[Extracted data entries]

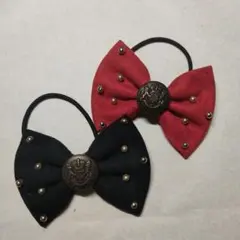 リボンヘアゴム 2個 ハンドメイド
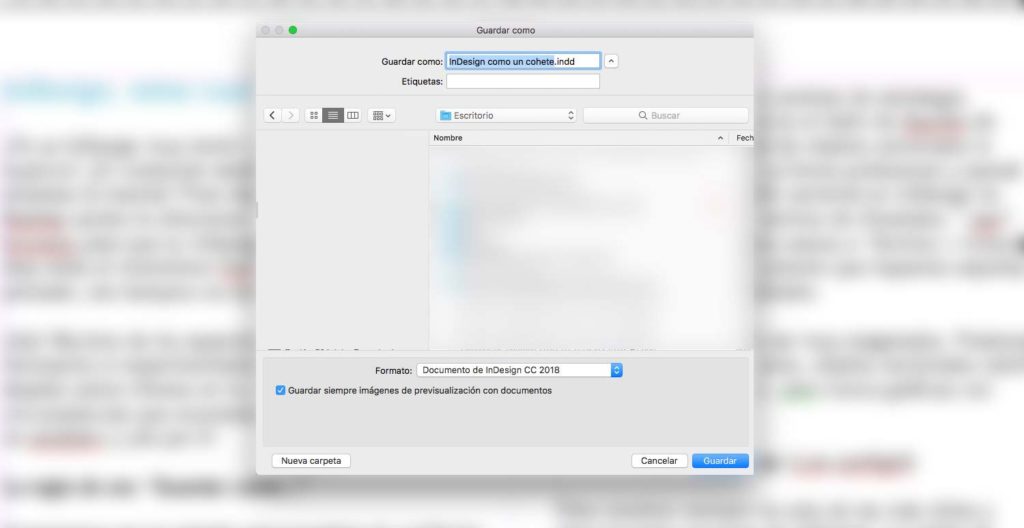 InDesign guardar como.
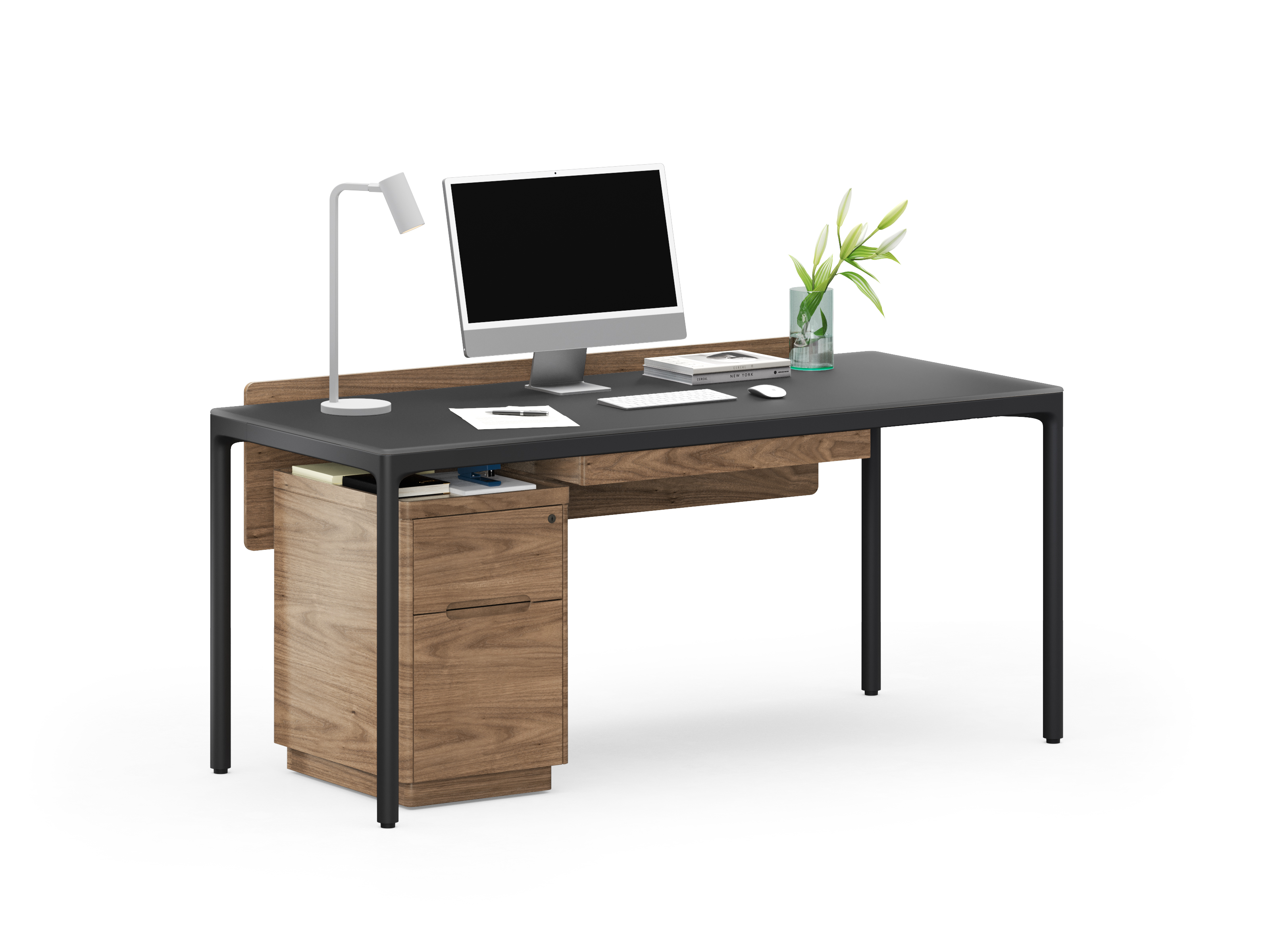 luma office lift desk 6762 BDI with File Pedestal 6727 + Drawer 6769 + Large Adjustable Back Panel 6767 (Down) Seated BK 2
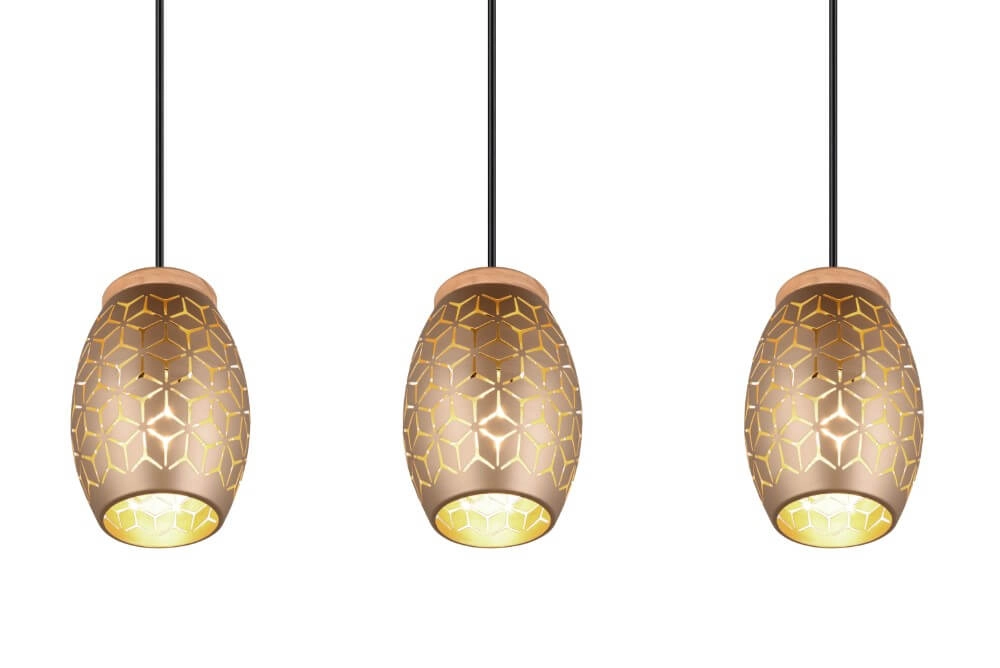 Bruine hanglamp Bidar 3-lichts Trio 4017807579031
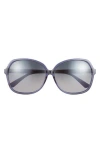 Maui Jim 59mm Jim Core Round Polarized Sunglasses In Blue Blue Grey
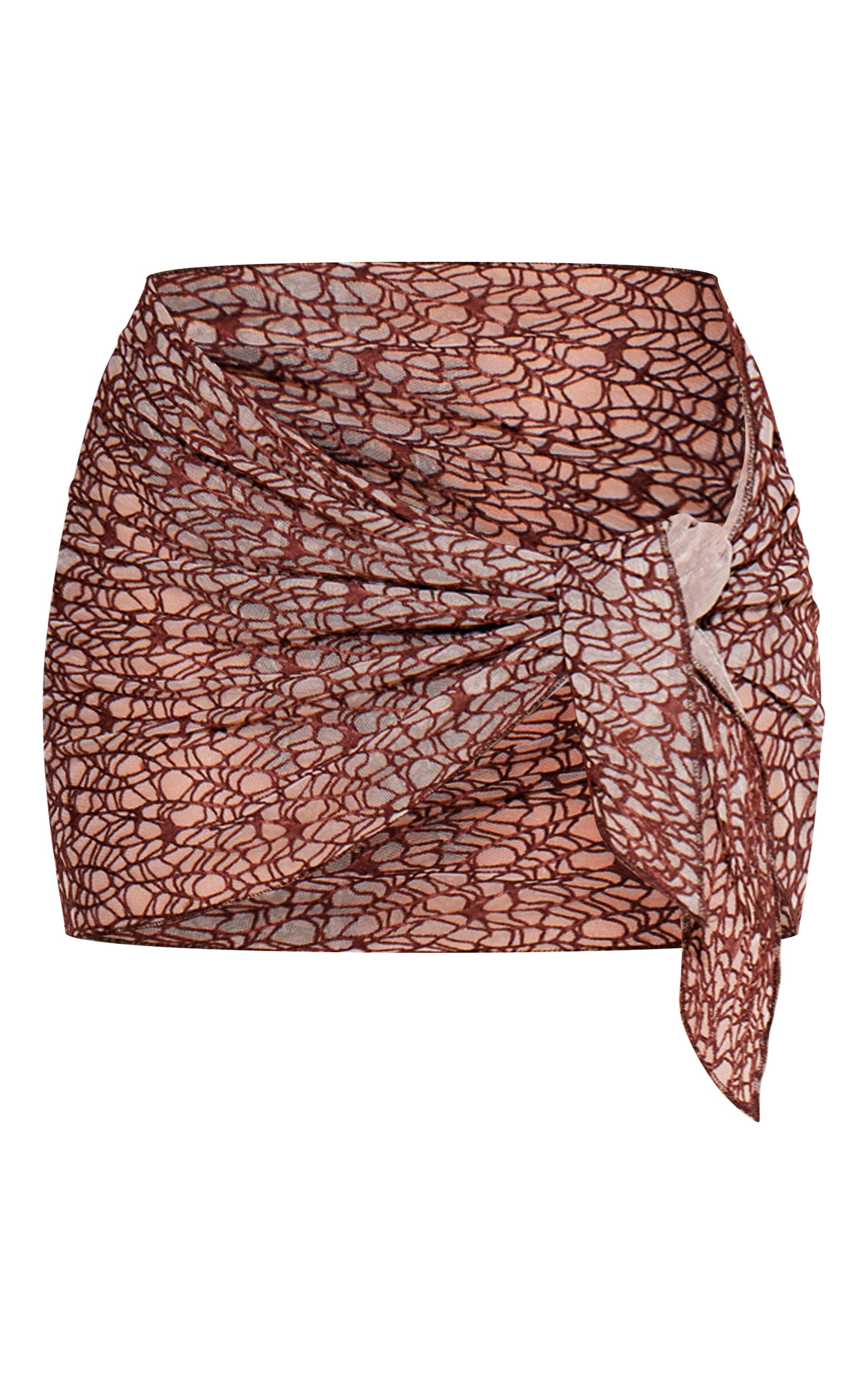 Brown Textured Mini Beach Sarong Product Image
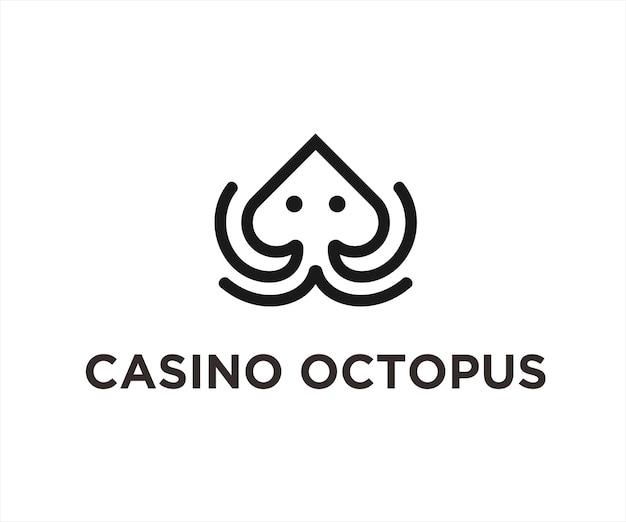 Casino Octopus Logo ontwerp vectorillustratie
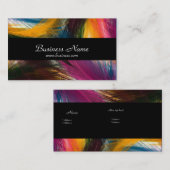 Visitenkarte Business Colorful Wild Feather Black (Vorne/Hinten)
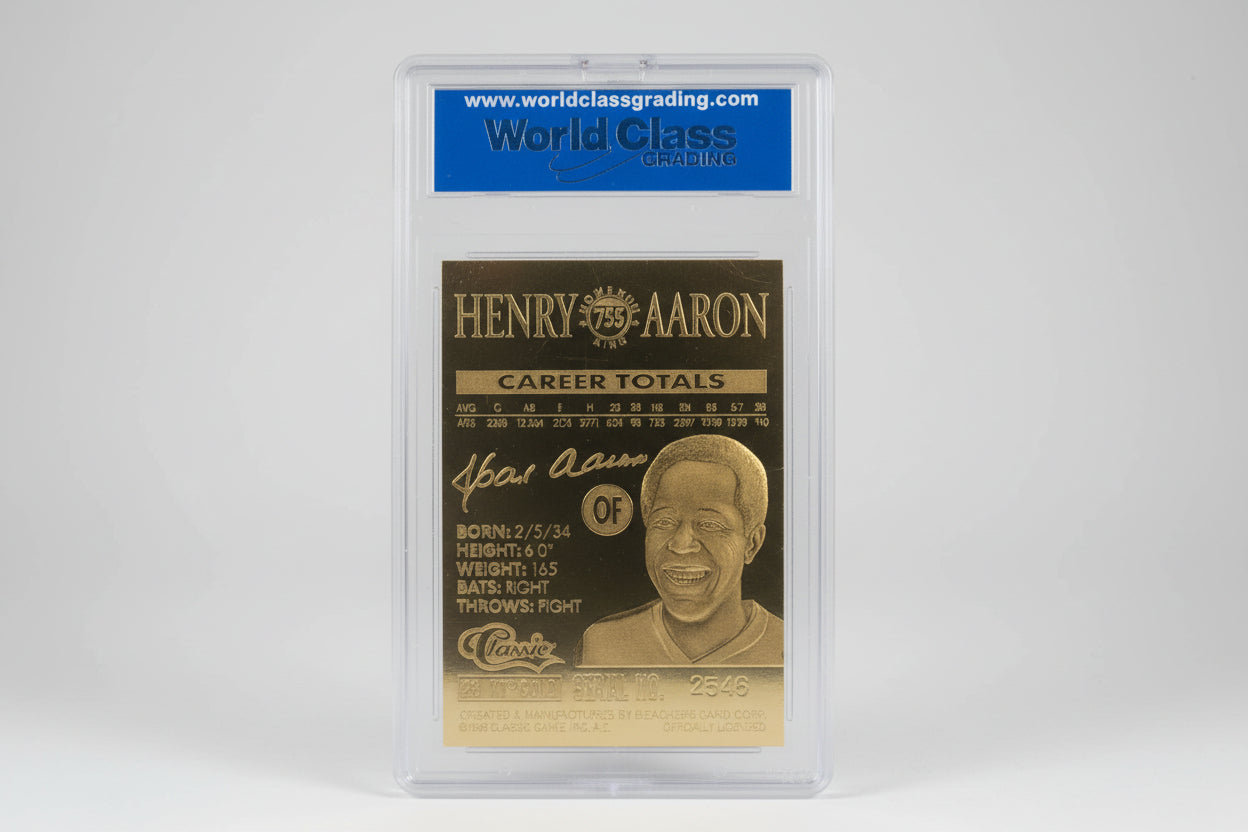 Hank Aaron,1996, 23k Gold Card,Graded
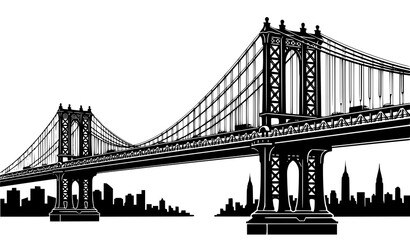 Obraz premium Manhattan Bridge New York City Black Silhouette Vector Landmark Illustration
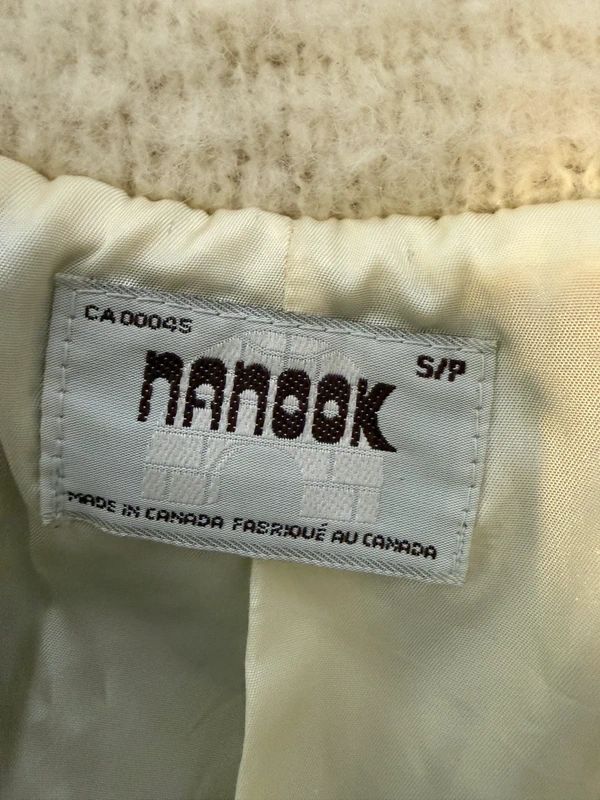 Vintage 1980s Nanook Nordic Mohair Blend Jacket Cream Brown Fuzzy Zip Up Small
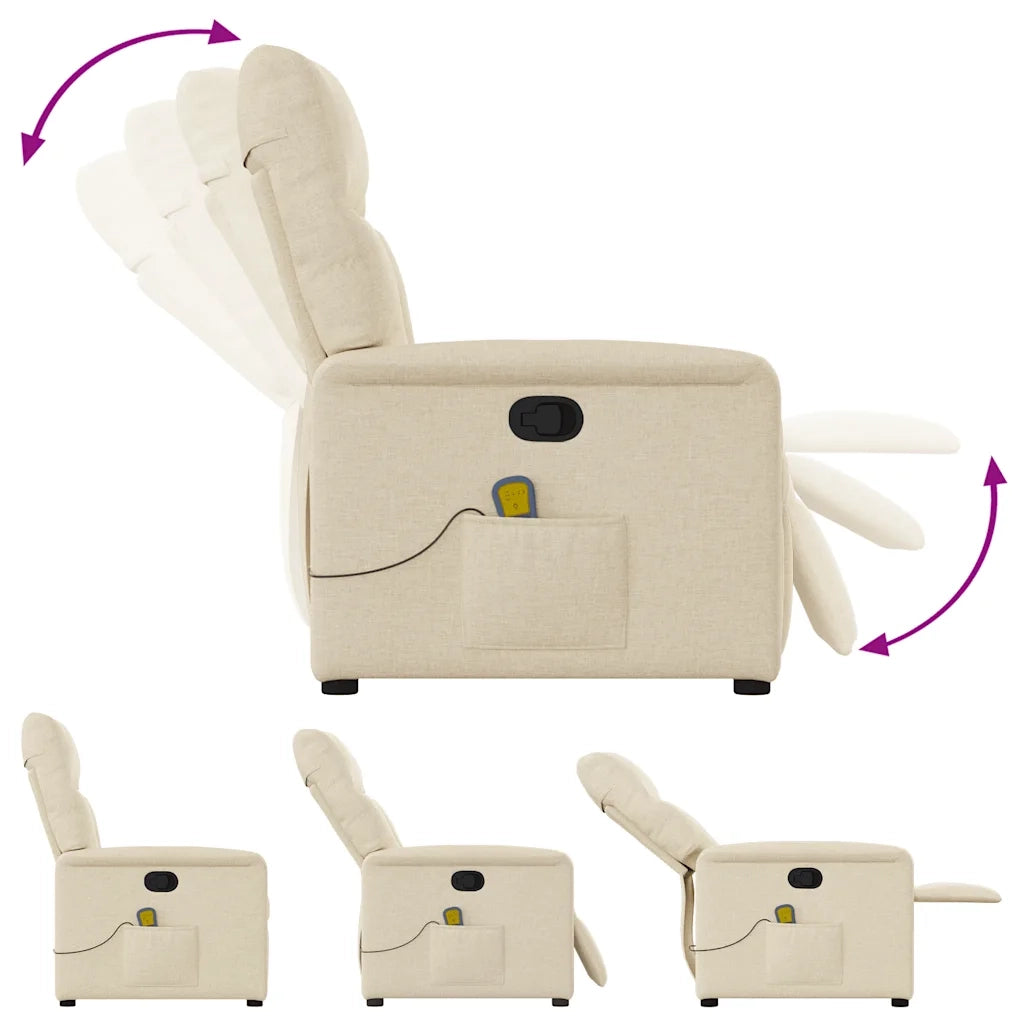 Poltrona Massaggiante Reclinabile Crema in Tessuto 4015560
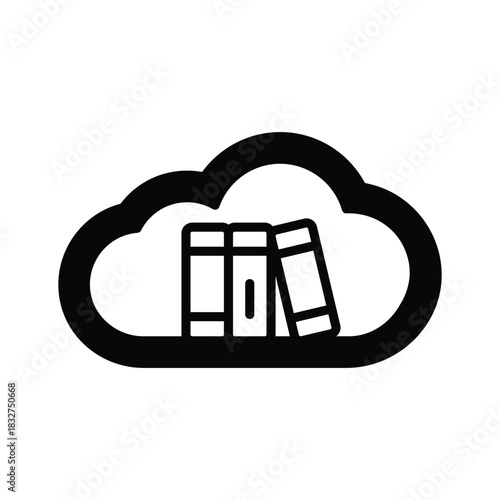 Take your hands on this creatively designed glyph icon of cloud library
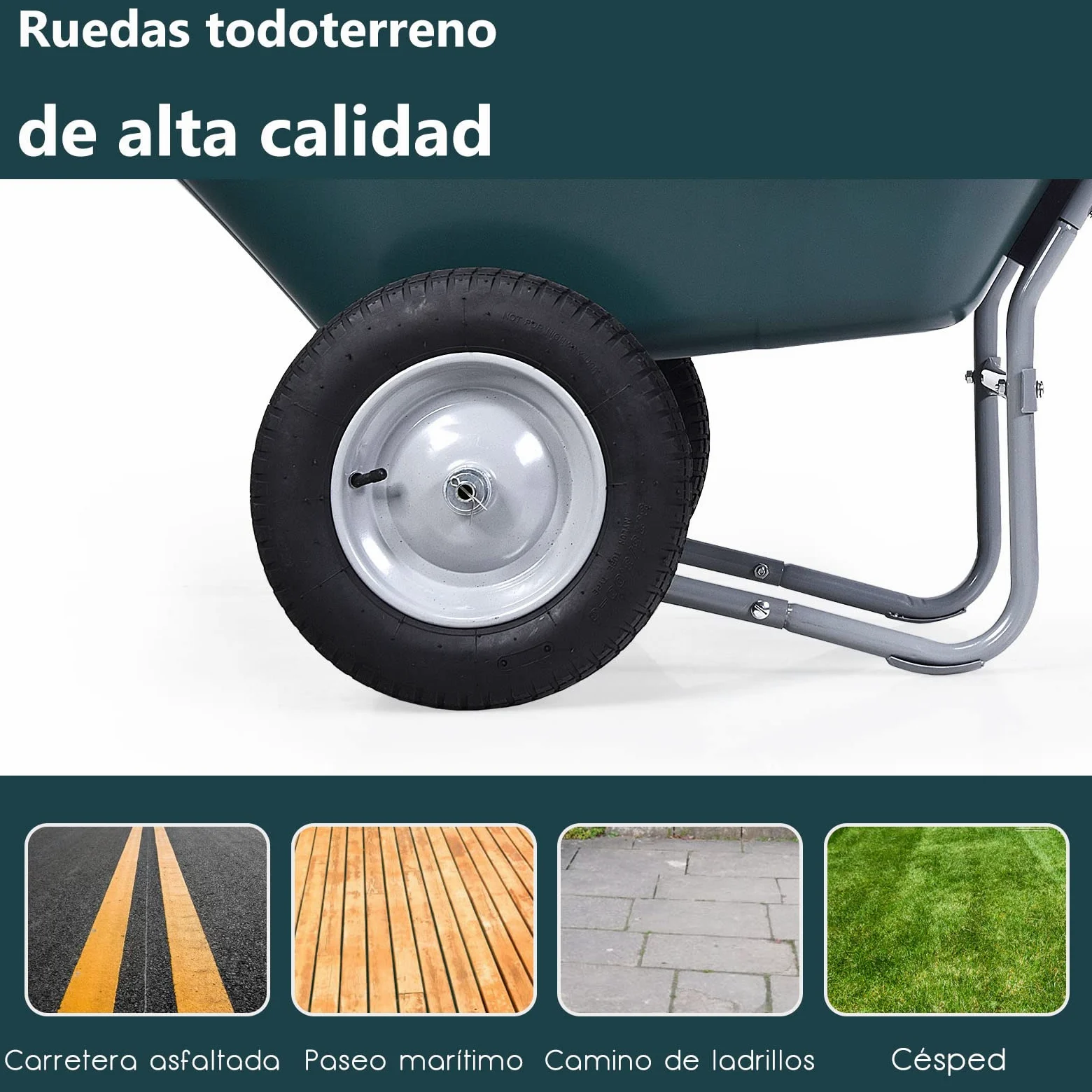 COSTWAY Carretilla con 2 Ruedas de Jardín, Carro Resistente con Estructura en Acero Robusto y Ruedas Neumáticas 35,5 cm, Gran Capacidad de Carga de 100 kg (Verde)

AIM OF THE TASK: A word-for-word copy is needed of the lines from the line with "Visitenkarte Business Colorful" through the last line of the entries above, with both ends kept and the pictures dropped.

ANSWER FOR THIS EXERCISE:
 Visitenkarte Business Colorful Wild Feather Black (Vorne/Hinten)
 Hank Aaron,1996, 23k Gold Card,Graded
 Obraz premium Manhattan Bridge New York City Black Silhouette Vector Landmark Illustration
 Vintage 1980s Nanook Nordic Mohair Blend Jacket Cream Brown Fuzzy Zip Up Small
 Poltrona Massaggiante Reclinabile Crema in Tessuto 4015560
 Take your hands on this creatively designed glyph icon of cloud library
 COSTWAY Carretilla con 2 Ruedas de Jardín, Carro Resistente con Estructura en Acero Robusto y Ruedas Neumáticas 35,5 cm, Gran Capacidad de Carga de 100 kg (Verde)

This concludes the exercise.